[ 
https://issues.apache.org/jira/browse/FLINK-17921?page=com.atlassian.jira.plugin.system.issuetabpanels:comment-tabpanel&focusedCommentId=17115882#comment-17115882
 ] 

zhangminglei commented on FLINK-17921:
--------------------------------------

cc [~jgrier] Could you please take a look on this ? Thank you very much.

> RpcGlobalAggregateManager#updateGlobalAggregate would cause unexpected 
> akka.timeout
> -----------------------------------------------------------------------------------
>
>                 Key: FLINK-17921
>                 URL: https://issues.apache.org/jira/browse/FLINK-17921
>             Project: Flink
>          Issue Type: Improvement
>          Components: Runtime / Task
>    Affects Versions: 1.8.1, 1.10.1
>            Reporter: zhangminglei
>            Priority: Major
>
> As described in summary, {{RpcGlobalAggregateManager#updateGlobalAggregate}} 
> would cause akka.timeout.  But that's not the message what we want.
> If {{org.apache.flink.api.common.functions.AggregateFunction#getResult}} 
> return {{null}} and used it in 
> {{RpcGlobalAggregateManager#updateGlobalAggregate}} , this would cause 
> following exception, this is not expected to happen from there. If we 
> increase the {{akka.ask.timeout}} to another value, the exception is still in 
> there. 
> {code:java}
> java.io.IOException: Error updating global aggregate.
> at 
> org.apache.flink.runtime.taskexecutor.rpc.RpcGlobalAggregateManager.updateGlobalAggregate(RpcGlobalAggregateManager.java:47)
> at 
> org.apache.flink.streaming.connectors.kafka.internals.AbstractFetcher$1.run(AbstractFetcher.java:252)
> at java.util.concurrent.Executors$RunnableAdapter.call(Executors.java:511)

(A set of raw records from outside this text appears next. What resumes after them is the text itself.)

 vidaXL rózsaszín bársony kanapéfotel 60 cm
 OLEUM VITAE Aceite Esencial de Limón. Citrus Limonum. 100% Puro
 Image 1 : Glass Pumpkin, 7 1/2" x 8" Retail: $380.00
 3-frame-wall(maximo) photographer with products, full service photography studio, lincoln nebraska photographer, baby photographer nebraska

> at java.util.concurrent.FutureTask.runAndReset(FutureTask.java:308)
> at 
> java.util.concurrent.ScheduledThreadPoolExecutor$ScheduledFutureTask.access$301(ScheduledThreadPoolExecutor.java:180)
> at 
> java.util.concurrent.ScheduledThreadPoolExecutor$ScheduledFutureTask.run(ScheduledThreadPoolExecutor.java:294)
> at 
> java.util.concurrent.ThreadPoolExecutor.runWorker(ThreadPoolExecutor.java:1149)
> at 
> java.util.concurrent.ThreadPoolExecutor$Worker.run(ThreadPoolExecutor.java:624)
> at java.lang.Thread.run(Thread.java:748)

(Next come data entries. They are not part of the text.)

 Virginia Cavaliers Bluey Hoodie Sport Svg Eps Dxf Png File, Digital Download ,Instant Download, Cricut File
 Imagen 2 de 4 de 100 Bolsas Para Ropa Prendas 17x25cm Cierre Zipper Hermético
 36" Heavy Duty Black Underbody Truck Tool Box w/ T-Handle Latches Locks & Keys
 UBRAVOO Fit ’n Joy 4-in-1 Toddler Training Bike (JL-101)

> Caused by: java.util.concurrent.ExecutionException: 
> akka.pattern.AskTimeoutException: Ask timed out on 
> [Actor[akka://flink/user/jobmanager_1#-1046052429]] after [10000 ms]. Message 
> of type [org.apache.flink.runtime.rpc.messages.LocalFencedMessage]. A typical 
> reason for `AskTimeoutException` is that the recipient actor didn't send a 
> reply.
> at 
> java.util.concurrent.CompletableFuture.reportGet(CompletableFuture.java:357)
> at java.util.concurrent.CompletableFuture.get(CompletableFuture.java:1895)
> at 
> org.apache.flink.runtime.taskexecutor.rpc.RpcGlobalAggregateManager.updateGlobalAggregate(RpcGlobalAggregateManager.java:45)
> ... 8 more
> Caused by: akka.pattern.AskTimeoutException: Ask timed out on 
> [Actor[akka://flink/user/jobmanager_1#-1046052429]] after [10000 ms]. Message 
> of type [org.apache.flink.runtime.rpc.messages.LocalFencedMessage]. A typical 
> reason for `AskTimeoutException` is that the recipient actor didn't send a 
> reply.
> at akka.pattern.PromiseActorRef$$anonfun$2.apply(AskSupport.scala:635)
> at akka.pattern.PromiseActorRef$$anonfun$2.apply(AskSupport.scala:635)
> at akka.pattern.PromiseActorRef$$anonfun$1.apply$mcV$sp(AskSupport.scala:648)
> at akka.actor.Scheduler$$anon$4.run(Scheduler.scala:205)
> at 
> scala.concurrent.Future$InternalCallbackExecutor$.unbatchedExecute(Future.scala:601)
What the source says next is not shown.